[GIVEN RECORDS Boundary: Start]
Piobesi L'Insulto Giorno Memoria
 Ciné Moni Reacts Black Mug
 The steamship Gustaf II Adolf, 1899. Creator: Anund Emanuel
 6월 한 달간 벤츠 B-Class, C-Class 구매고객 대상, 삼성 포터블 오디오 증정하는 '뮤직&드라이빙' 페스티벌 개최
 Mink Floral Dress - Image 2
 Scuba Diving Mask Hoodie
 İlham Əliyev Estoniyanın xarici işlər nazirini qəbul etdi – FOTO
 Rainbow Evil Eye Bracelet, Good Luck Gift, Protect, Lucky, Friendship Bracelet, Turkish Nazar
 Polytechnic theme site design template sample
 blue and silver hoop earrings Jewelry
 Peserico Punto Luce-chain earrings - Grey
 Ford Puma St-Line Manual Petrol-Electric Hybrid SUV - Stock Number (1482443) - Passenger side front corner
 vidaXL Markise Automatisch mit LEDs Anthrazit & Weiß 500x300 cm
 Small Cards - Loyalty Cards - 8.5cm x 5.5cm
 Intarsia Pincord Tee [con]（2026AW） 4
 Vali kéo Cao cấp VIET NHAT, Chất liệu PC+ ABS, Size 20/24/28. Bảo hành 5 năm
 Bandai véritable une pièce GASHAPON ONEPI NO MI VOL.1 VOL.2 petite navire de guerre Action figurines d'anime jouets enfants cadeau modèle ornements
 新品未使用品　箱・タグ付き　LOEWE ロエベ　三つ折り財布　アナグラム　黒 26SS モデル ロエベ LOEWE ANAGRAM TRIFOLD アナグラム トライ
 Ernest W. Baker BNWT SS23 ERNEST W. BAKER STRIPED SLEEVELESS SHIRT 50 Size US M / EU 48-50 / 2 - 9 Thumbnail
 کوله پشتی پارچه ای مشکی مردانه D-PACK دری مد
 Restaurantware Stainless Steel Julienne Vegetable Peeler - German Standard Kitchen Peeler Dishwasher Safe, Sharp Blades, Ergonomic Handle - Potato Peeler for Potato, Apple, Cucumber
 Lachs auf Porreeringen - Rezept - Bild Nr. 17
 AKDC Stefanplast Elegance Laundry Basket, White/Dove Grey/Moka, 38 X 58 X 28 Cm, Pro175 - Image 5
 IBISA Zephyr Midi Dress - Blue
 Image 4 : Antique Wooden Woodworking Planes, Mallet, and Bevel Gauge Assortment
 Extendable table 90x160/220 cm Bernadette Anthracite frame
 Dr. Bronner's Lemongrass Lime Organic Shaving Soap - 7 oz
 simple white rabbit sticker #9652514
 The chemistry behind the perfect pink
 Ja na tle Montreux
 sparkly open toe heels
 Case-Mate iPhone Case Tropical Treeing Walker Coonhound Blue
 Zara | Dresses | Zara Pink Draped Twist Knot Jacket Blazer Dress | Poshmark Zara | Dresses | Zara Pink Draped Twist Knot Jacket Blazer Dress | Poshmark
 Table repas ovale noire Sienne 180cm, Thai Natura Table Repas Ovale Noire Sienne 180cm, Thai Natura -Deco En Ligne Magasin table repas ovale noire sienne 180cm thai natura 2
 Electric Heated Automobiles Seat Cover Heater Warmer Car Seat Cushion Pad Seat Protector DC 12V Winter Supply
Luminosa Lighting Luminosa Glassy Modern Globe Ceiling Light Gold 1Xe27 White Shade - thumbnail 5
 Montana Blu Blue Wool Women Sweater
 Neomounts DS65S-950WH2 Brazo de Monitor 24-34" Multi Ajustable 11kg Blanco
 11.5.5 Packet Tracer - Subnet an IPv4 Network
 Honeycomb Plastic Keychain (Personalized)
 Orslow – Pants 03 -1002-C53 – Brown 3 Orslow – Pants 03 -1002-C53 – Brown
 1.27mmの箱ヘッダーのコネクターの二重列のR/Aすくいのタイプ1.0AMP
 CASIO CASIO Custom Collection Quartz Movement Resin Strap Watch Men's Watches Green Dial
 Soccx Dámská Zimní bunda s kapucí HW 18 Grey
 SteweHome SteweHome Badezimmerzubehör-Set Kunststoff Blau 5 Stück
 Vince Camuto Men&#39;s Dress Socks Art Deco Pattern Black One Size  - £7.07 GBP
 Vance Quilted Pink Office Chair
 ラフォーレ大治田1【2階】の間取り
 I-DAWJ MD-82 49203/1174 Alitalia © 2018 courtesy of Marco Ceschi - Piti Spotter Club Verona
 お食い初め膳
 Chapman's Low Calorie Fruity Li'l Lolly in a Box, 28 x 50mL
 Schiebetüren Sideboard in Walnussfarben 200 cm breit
[GIVEN RECORDS Boundary: End]
== TASK GOAL ==
From the first line to the last, transcribe the listing exactly.

== WORKED SOLUTION ==
Piobesi L'Insulto Giorno Memoria
 Ciné Moni Reacts Black Mug
 The steamship Gustaf II Adolf, 1899. Creator: Anund Emanuel
 6월 한 달간 벤츠 B-Class, C-Class 구매고객 대상, 삼성 포터블 오디오 증정하는 '뮤직&드라이빙' 페스티벌 개최
 Mink Floral Dress - Image 2
 Scuba Diving Mask Hoodie
 İlham Əliyev Estoniyanın xarici işlər nazirini qəbul etdi – FOTO
 Rainbow Evil Eye Bracelet, Good Luck Gift, Protect, Lucky, Friendship Bracelet, Turkish Nazar
 Polytechnic theme site design template sample
 blue and silver hoop earrings Jewelry
 Peserico Punto Luce-chain earrings - Grey
 Ford Puma St-Line Manual Petrol-Electric Hybrid SUV - Stock Number (1482443) - Passenger side front corner
 vidaXL Markise Automatisch mit LEDs Anthrazit & Weiß 500x300 cm
 Small Cards - Loyalty Cards - 8.5cm x 5.5cm
 Intarsia Pincord Tee [con]（2026AW） 4
 Vali kéo Cao cấp VIET NHAT, Chất liệu PC+ ABS, Size 20/24/28. Bảo hành 5 năm
 Bandai véritable une pièce GASHAPON ONEPI NO MI VOL.1 VOL.2 petite navire de guerre Action figurines d'anime jouets enfants cadeau modèle ornements
 新品未使用品　箱・タグ付き　LOEWE ロエベ　三つ折り財布　アナグラム　黒 26SS モデル ロエベ LOEWE ANAGRAM TRIFOLD アナグラム トライ
 Ernest W. Baker BNWT SS23 ERNEST W. BAKER STRIPED SLEEVELESS SHIRT 50 Size US M / EU 48-50 / 2 - 9 Thumbnail
 کوله پشتی پارچه ای مشکی مردانه D-PACK دری مد
 Restaurantware Stainless Steel Julienne Vegetable Peeler - German Standard Kitchen Peeler Dishwasher Safe, Sharp Blades, Ergonomic Handle - Potato Peeler for Potato, Apple, Cucumber
 Lachs auf Porreeringen - Rezept - Bild Nr. 17
 AKDC Stefanplast Elegance Laundry Basket, White/Dove Grey/Moka, 38 X 58 X 28 Cm, Pro175 - Image 5
 IBISA Zephyr Midi Dress - Blue
 Image 4 : Antique Wooden Woodworking Planes, Mallet, and Bevel Gauge Assortment
 Extendable table 90x160/220 cm Bernadette Anthracite frame
 Dr. Bronner's Lemongrass Lime Organic Shaving Soap - 7 oz
 simple white rabbit sticker #9652514
 The chemistry behind the perfect pink
 Ja na tle Montreux
 sparkly open toe heels
 Case-Mate iPhone Case Tropical Treeing Walker Coonhound Blue
 Zara | Dresses | Zara Pink Draped Twist Knot Jacket Blazer Dress | Poshmark Zara | Dresses | Zara Pink Draped Twist Knot Jacket Blazer Dress | Poshmark
 Table repas ovale noire Sienne 180cm, Thai Natura Table Repas Ovale Noire Sienne 180cm, Thai Natura -Deco En Ligne Magasin table repas ovale noire sienne 180cm thai natura 2
 Electric Heated Automobiles Seat Cover Heater Warmer Car Seat Cushion Pad Seat Protector DC 12V Winter Supply
Luminosa Lighting Luminosa Glassy Modern Globe Ceiling Light Gold 1Xe27 White Shade - thumbnail 5
 Montana Blu Blue Wool Women Sweater
 Neomounts DS65S-950WH2 Brazo de Monitor 24-34" Multi Ajustable 11kg Blanco
 11.5.5 Packet Tracer - Subnet an IPv4 Network
 Honeycomb Plastic Keychain (Personalized)
 Orslow – Pants 03 -1002-C53 – Brown 3 Orslow – Pants 03 -1002-C53 – Brown
 1.27mmの箱ヘッダーのコネクターの二重列のR/Aすくいのタイプ1.0AMP
 CASIO CASIO Custom Collection Quartz Movement Resin Strap Watch Men's Watches Green Dial
 Soccx Dámská Zimní bunda s kapucí HW 18 Grey
 SteweHome SteweHome Badezimmerzubehör-Set Kunststoff Blau 5 Stück
 Vince Camuto Men&#39;s Dress Socks Art Deco Pattern Black One Size  - £7.07 GBP
 Vance Quilted Pink Office Chair
 ラフォーレ大治田1【2階】の間取り
 I-DAWJ MD-82 49203/1174 Alitalia © 2018 courtesy of Marco Ceschi - Piti Spotter Club Verona
 お食い初め膳
 Chapman's Low Calorie Fruity Li'l Lolly in a Box, 28 x 50mL
 Schiebetüren Sideboard in Walnussfarben 200 cm breit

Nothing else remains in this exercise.